The device driving unit 380 is for realizing the main functions of the device 300. The device driving unit 380 is realized by a motor, an actuator, a heater, or the like, and operates based on a signal from the CPU 310.
<Second Embodiment>

  In the first embodiment, a correction command for the air conditioner 100 is set for each type of device and each operation state. When the operation state corresponding to the correction command is canceled, the correction command becomes invalid.

  In the present embodiment, as shown in FIG. 9, the correction command database 221B stores a correction command for the air conditioner and a return command when the operating state is released for each type of device and each operating state. To do. The return command is, for example, control for returning the control temperature to the original control temperature by 0.5 ° C. every 5 minutes after the target operation state ends, or the end of the operation state It may be a control to return to the original control temperature after maintaining the corrected state for 10 minutes.

  As a return command, it is preferable to return to the temperature before the correction command is executed step by step at predetermined time intervals. As a specific example, the CPU 110 of the air conditioner 100 divides the temperature changed by the correction command based on the return command from the server 200 and gradually approaches the original temperature every predetermined time. It is preferable to control the air conditioning mechanism 180. For example, when the control temperature is lowered by 3 ° C. according to a correction command from the server 200, the CPU 110 (or CPU 210) divides 3 ° C. into five and restores the control temperature by 0.6 ° C. every 7 minutes. The form which controls the air conditioning mechanism 180 so that it may go on can be considered. By doing so, it is possible to reduce the possibility that the user feels cold by continuing to lower the control temperature.

  In this case, as illustrated in FIG. 10, the operation state database 223 </ b> B includes a correspondence relationship such as a device ID, a current operation state, a current correction state, or a current return state for each air conditioner 100.
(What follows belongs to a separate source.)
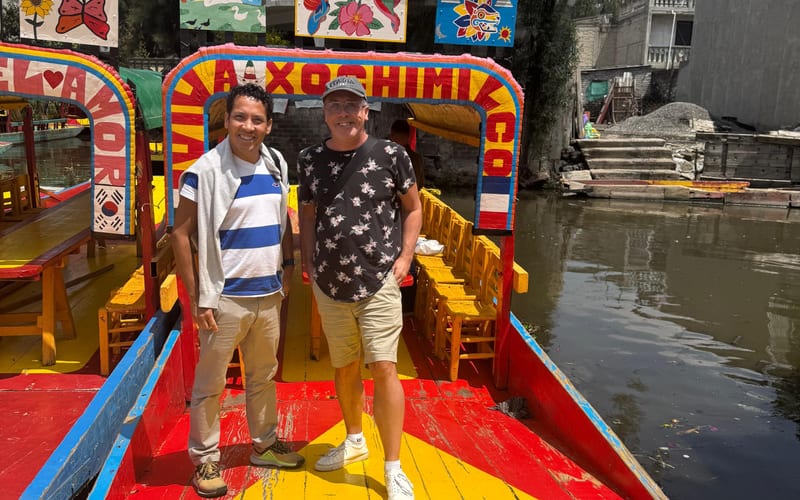 Two travellers on a colourful trajinera boat at Xochimilco, Mexico City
  Next, information processing in the server 200 according to the present embodiment will be described with reference to FIG. First, the CPU 210 reads the device ID from the received data from the device 300 (step S102). The CPU 210 refers to the device user correspondence database 222 and determines whether or not the air conditioner 100 corresponding to the user corresponding to the device ID is registered (step S104). When the air conditioner 100 corresponding to the user corresponding to the device ID is not registered (NO in step S104), the CPU 210 waits for data from the next device 300 via the communication interface 260.

  On the other hand, when air conditioner 100 corresponding to the user corresponding to the device ID is registered (YES in step S104), CPU 210 identifies the type of device 300 from the received data (step S106). CPU210 acquires the operation state of the apparatus 300 from received data (step S108). The CPU 210 determines whether or not the operation state of the device 300 has ended (step S110). CPU110 specifies the correction command corresponding to the operating state of apparatus 300 from correction command database 221B, when the operation state of apparatus 300 is not complete | finished (when it is NO in step S110) (step S112). The CPU 210 transmits a correction command to the corresponding air conditioner 100 via the communication interface 260 (step S116).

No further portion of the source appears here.